- Developer: Gamma Software
- Publisher: Gamma Software
- Platform: Atari 8-bit
- Release: 1981
- Genre: Sports

= Hockey (1981 video game) =

1981 video game

Hockey is an ice hockey video game published by Gamma Software for Atari 8-bit computers in 1981. Gamma released the Atari 8-bit game Soccer the following year.

==Gameplay==
Hockey is a sports game in which 2-4 players compete in an arcade-style game.

==Reception==
Bill Willett, writing for his "Atari Arcade" column in the June 1982 issue of Computer Gaming World, called Hockey "a delight to play". Later that year, also in CGW, Allen Doum stated:
The graphics are of the kind that leave George Plimpton flat. For those who like the arcade style sports games, these games fall short of what the computer is capable of. However, as two-player sports games, they can be exciting.

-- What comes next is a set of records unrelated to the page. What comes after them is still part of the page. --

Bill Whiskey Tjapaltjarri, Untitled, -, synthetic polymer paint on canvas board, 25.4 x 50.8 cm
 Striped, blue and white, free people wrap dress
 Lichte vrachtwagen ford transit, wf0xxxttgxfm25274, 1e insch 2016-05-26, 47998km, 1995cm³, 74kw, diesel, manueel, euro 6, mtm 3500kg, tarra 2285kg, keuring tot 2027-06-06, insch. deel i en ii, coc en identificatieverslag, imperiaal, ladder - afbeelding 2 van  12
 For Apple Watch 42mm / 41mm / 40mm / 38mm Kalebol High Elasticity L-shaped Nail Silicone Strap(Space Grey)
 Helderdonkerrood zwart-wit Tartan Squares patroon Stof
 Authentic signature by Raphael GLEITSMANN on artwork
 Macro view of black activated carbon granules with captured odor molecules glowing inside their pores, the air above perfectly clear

The reviewers in the 1983 book The Creative Atari called the game, "almost fast, never furious, and generally fun". The primary complaint was the slow movement speed of the players.

In Electronic Games, Bill Kunkel wrote:
In any case, Gamma's version misses the level of realism attained in Activision's programmable version for the VCS, by quite a bit. The players are drawn much too large for the cramped, on-screen rink. Due to the lack of space, the sport's primary characteristic, speed, is obliterated.

He also disliked the minimal feedback when a goal is scored.